* **Task description**
Word for word, restate the lines from the one containing "Osuška Hasičské desatero" through the last line of the material, and include no pictures.

* **Available data**
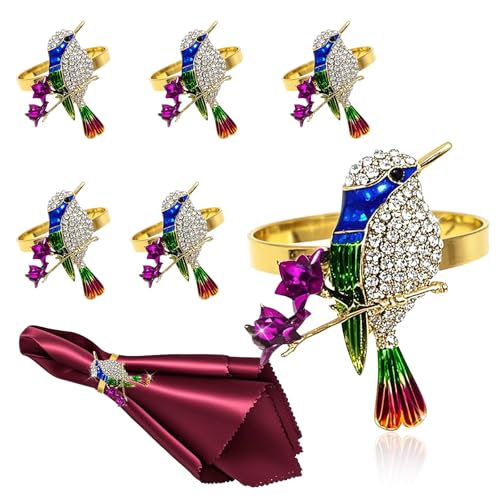 Hummingbird Napkin Rings Set of 6 Sparkly Rhinestone Bird Napkin Holder for Spring Party Garden Wedding Baby Shower Decor,Elegant Dining Table Setting for Holiday Gathering & Family Dinner - style: Blue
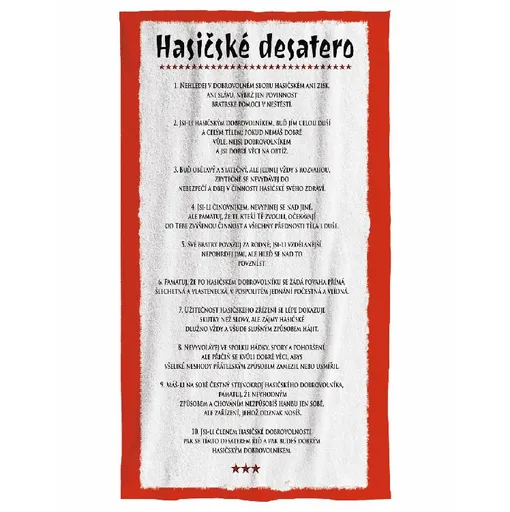 Osuška Hasičské desatero - listina (Velikost osušky: 100x170cm)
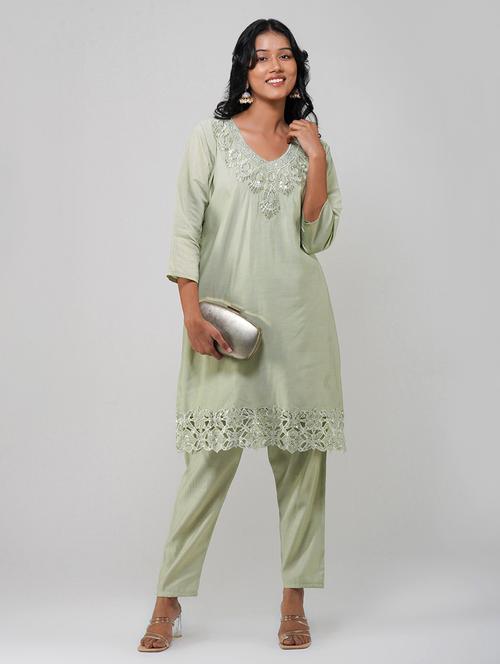 women three quarter sleeve kurta pant set - 21948920 - Very Small Image - 1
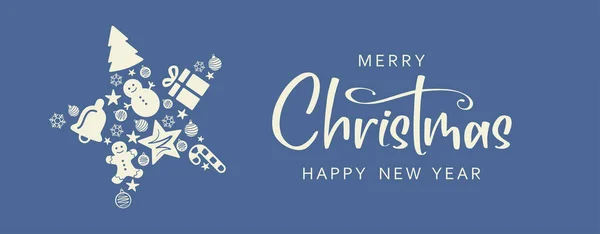 Banner Con Letras Decoraciones Navideñas Feliz Navidad Feliz Año Nuevo — Vector de stock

* **Result of this exercise**
 Osuška Hasičské desatero - listina (Velikost osušky: 100x170cm)
 women three quarter sleeve kurta pant set - 21948920 - Very Small Image - 1
 Banner Con Letras Decoraciones Navideñas Feliz Navidad Feliz Año Nuevo — Vector de stock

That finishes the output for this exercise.